Column Name | Content |
---|---|
PC | Program counter |
Instruction | Up to 16 bytes for each line |
Assembly | Assembly code mnemonic with the full 7-way instruction word |
Exe-count | Number of times this line has been executed by the processor |
Cycles | Number of cycles required |
User Count | |
Wait States | For some instructions you may have memory conflicts which end up into a number of wait-states |
Relative cycle use within function | Shown as ‘*’ lines where the relative length visually shows the relative cycles use of this instruction within the function |
Relative cycle use within simulation | Shown as ‘*’ lines where the relative length visually shows the
relative cycles use of this instruction within the simulation
(including main() and all functions) |
Relative wait-state use within function | Shown as ‘W’ lines where the relative length visually shows the relative cycles used by wait-states during this instruction within the function |
Relative wait state use within simulation | Shown as ‘*’ lines where the relative length visually shows the
relative cycles used by wait states during this instruction within
the simulation (including main() and all
functions) |
Performance Debug with Profiling Data
Performance improvement of a design should start by optimizing the function that takes most of the cycles. After it is done, you can optimize functions that take less and less proportion of the cycles. For this purpose, the total function time graph will help you in selecting these functions.

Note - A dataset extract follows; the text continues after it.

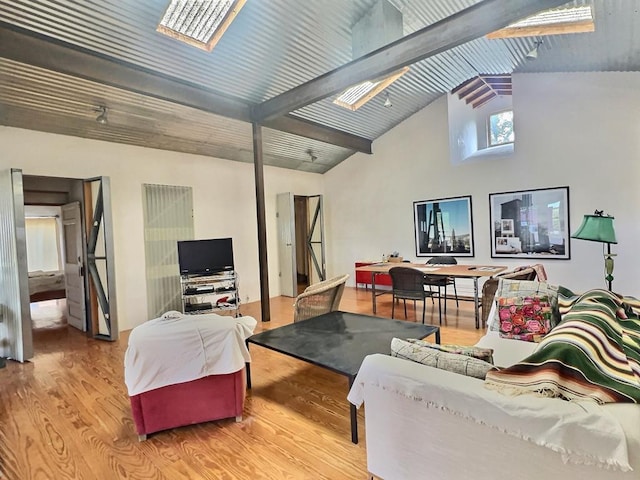 308 E Murphy St, Marfa, TX 79843 - living area with high vaulted ceiling, a skylight, and wood finished floors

For the optimization itself, you can use pragmas (chess_prepare_for_pipelining, chess_loop_range) for the usual pipelining, unrolling of loops. The Profile Details tab provides insight about wait states. Even if your inner-loop is perfectly optimized, you may lose some cycles due to wait-states. These wait-states occur when there are conflicts in resource access.

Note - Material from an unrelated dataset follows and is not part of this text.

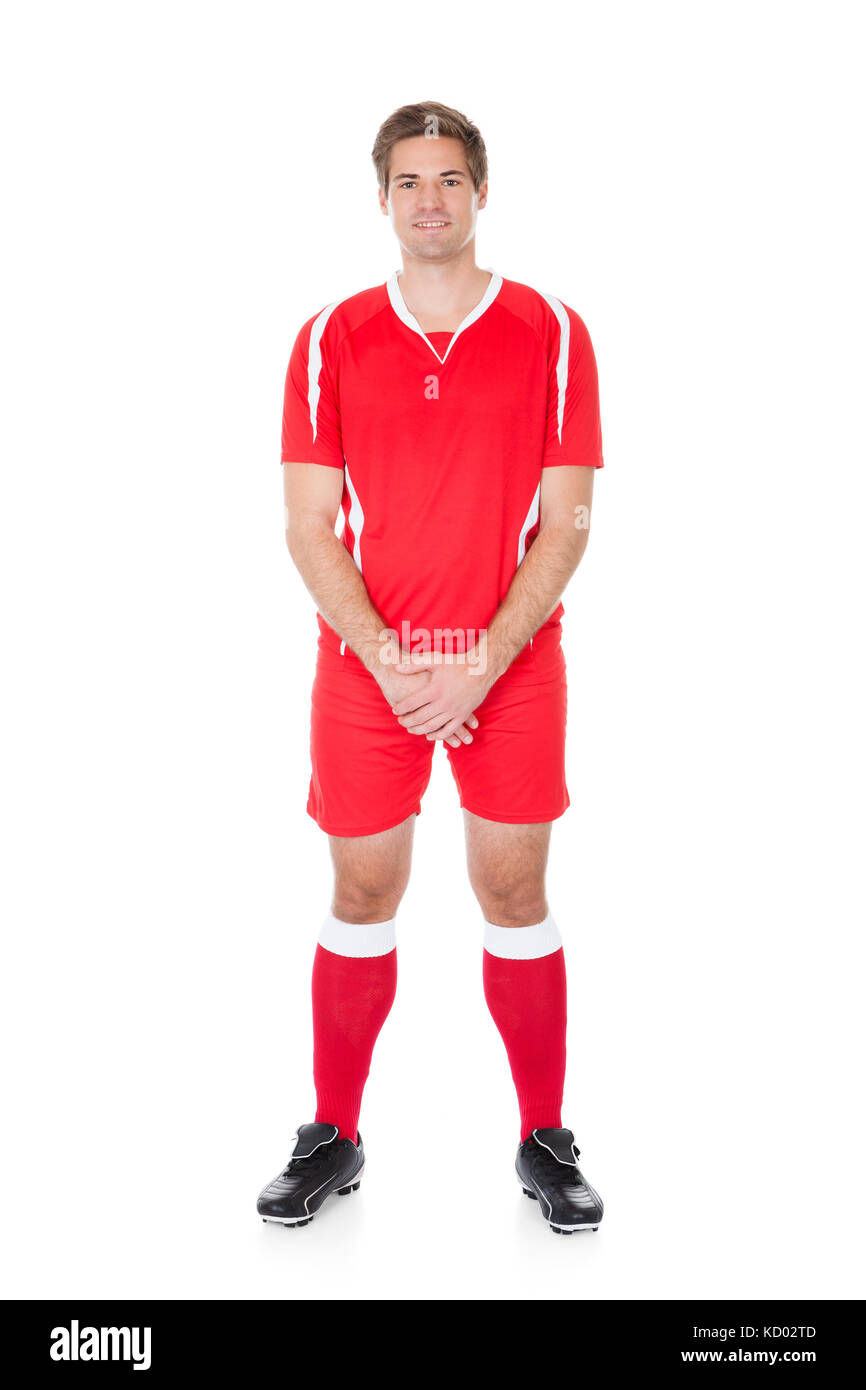 Porträt eines Fußballspielers stehend auf weißem Hintergrund Stockfoto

- Two reads or one read and one write within the same memory bank, either from the local AI Engine, or two contiguous AI Engines.
- The local AI Engine tries to access a bank (either read or write) while a memory DMA is accessing it for some data transfer.
Here is an example of profile details.
In this screenshot, the inner-loop is first localized with ls and le which are the loop-start and loop-end PC. This inner loop is shown within the blue rectangle. This seems correct as the Exe-Count is much higher on these lines than on the others.
In the second step, an instruction that is constantly taking two clock cycles instead of one, due to wait-states is localized:
- Exe-count = 56
- Cycles = 112
The VMUL instruction takes data in register yd and coefficients in wc0. A load taking seven clock cycles before the data is effectively in the register. The third step is to analyze the code seven clock cycles before the first iteration (3) or within the loop on the previous iteration (3’). You can see here that there are two loads in each case which are on the same bank (all the reads are from the same window in the source code).